Comment on inflation, US borrowing, metals

Many brokerages, banks, and economic-research firms publish periodic newsletters on economic trends. As a service to readers, and without endorsing any particular views, the Monitor presents excerpts from some of these newsletters.

The decline in the rate of wage inflation is likely to persist throughout this year. The cost of escalator clauses will be less, and unemployment will hold down the wage increases of unorganized workers. On the other hand, the general pattern of collective bargaining settlements shows a much smaller improvement than wages as a whole. In the final quarter of last year, for example, the government reports that the full three-year cost of large settlements was still 6 percent a year. Approximately two-thirds of last year's improvement was due to the reduction in the cost of escalators. Hard as it is to believe, expensive wage contracts are still being signed in the industries that are not in a disaster state.

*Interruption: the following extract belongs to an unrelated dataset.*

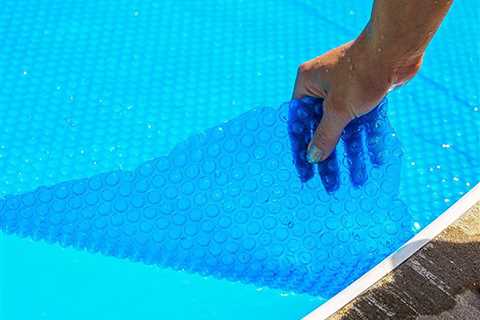 5 Best Solar Pool Covers to Trap in Heat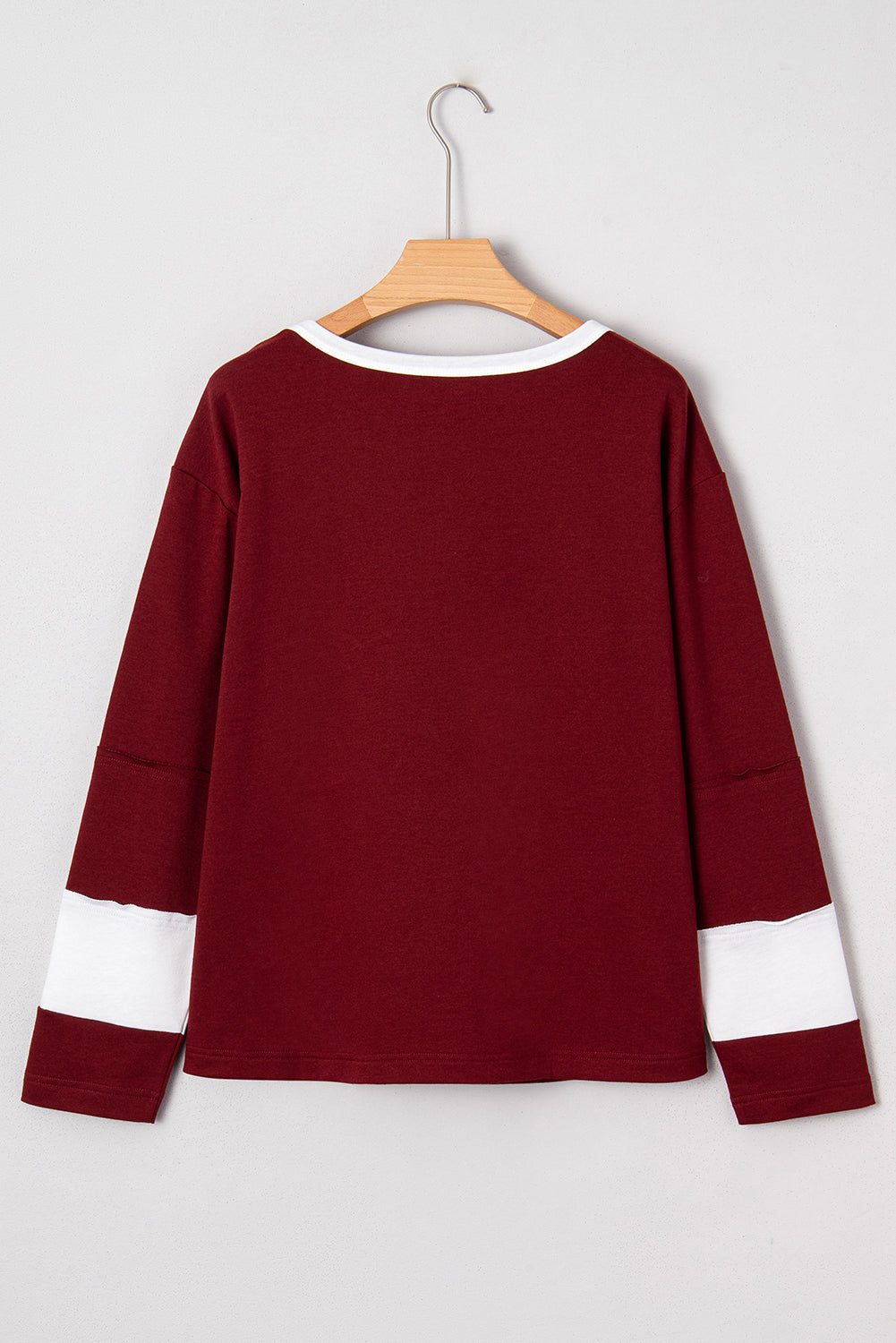 Red Dahlia Cheerful Daisy Flower Patched Round Neck Long Sleeve Women's Top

- Data Resources Inc., Lexington, Mass.

The volume of Treasury financing has been relatively moderate lately. Unfortunately, it is but an interlude - the calm before the storm. Indeed, the second half of March will resemble the latter half of December 1982 when, in a period of a bit longer than a week, the Treasury auctioned $11.6 billion of three-month and six-month bills, $7 billion each of one-year bills and two-year notes, $5 billion of four-year notes, $41/2 billion of seven-year notes, and $3 billion of 20-year bonds. The difference between the two months will be that in the second half of March all the financings will be larger than they were in December.

- Griggs & Santow Inc., New York

The recent break in precious metals prices may be an isolated situation. But then again, it may not be. Over the past couple of weeks, the entire commodity market has weakened measurably. . . . It could foreshadow the coming of a full-scale deflation. Besides the impact of deflation on corporate profits, we think the precious metals break is noteworthy as a timely reminder that prices that are not supported by true value can and do collapse suddenly.

Gold, for instance, started skyrocketing last June, soaring from $300 to $480 (an ounce) in only about three months. After considerable backing and filling, it then moved up again, reaching $510 by mid-February, or less than 10 percent above the first peak. Then in less than two weeks, the New York spot price plunged back to $400. Chances are, after a short technical rally, a resumed decline will bring the quotation back where it started last June.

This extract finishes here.